Миссис Шелли и миссис Уильямс провели несколько дней в мучительной неизвестности. Наконец, отчаявшись ждать, миссис Шелли отправилась в Пизу, ворвалась, бледная как полотно, в комнату лорда Байрона и спросила: «Где мой муж?!» Лорд Байрон потом говорил, что никакая драматическая трагедия не способна вызвать того ужаса, какой был написан в тот момент на лице миссис Шелли.

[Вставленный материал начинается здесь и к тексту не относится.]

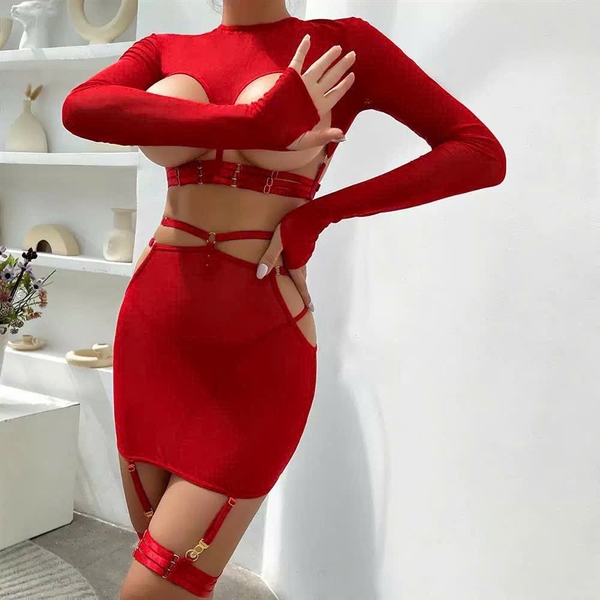 [TẶNG ĐAI ĐÙI] Bộ đồ Larisa Set (kém dán ti) S2433 siêu gợi cảm táo bạo nóng bỏng dáng đầm ôm sát cut out Bralettehousevn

Со временем худшие опасения подтвердились. Тела двух друзей и юнги вынесло на берег. Юнгу похоронили в песке, на берегу. Тело капитана Уильямса кремировали 15 августа. Его пепел был собран и отправлен для погребения в Англию. На следующий день состоялась кремация тела Шелли; впоследствии его прах был погребен на протестантском кладбище в Риме. На сожжении обоих тел присутствовали лорд Байрон и мистер Ли Хант. Всей процедурой, как, впрочем, и предшествовавшими поисками, руководил мистер Трелони. В те дни, да и в дальнейшем, он проявил себя по отношению к миссис Шелли настоящим, преданным другом. В письме из Генуи от 29 сентября 1822 года она мне писала:

«Из всех здешних знакомых только мистер Трелони — мой единственный, бескорыстный друг. Только он один по-настоящему верен памяти моих незабвенных мужа и детей. Но каким бы добрым и отзывчивым человеком он ни был, заменить мне моих близких он, увы, не в состоянии».

Через некоторое время парусник удалось найти. По всему было видно, что он не опрокинулся. Сначала капитан Робертс решил, что его захлестнуло волной, но когда при более тщательном осмотре он обнаружил, что на правой корме пробита бортовая обшивка, то пришел к заключению, что во время шторма парусник, по-видимому, столкнулся с каким-то небольшим судном.

Первое предположение кажется мне более вероятным. Мачты на «Дон-Жуане» были сорваны, бушприт сломан. Чтобы поднять его из воды, мистер Трелони сначала нанял две большие фелюги с крючьями. Пять или шесть дней подряд они безуспешно выходили в море и наконец парусник отыскали, но поднять не смогли. Это удалось сделать капитану Робертсу. Скорее всего, однако, повреждения такому хрупкому паруснику, как «Дон-Жуан», были нанесены не рыболовным судном, которое налетело на него во время шторма, а драгой, которая тащила его с морского дна.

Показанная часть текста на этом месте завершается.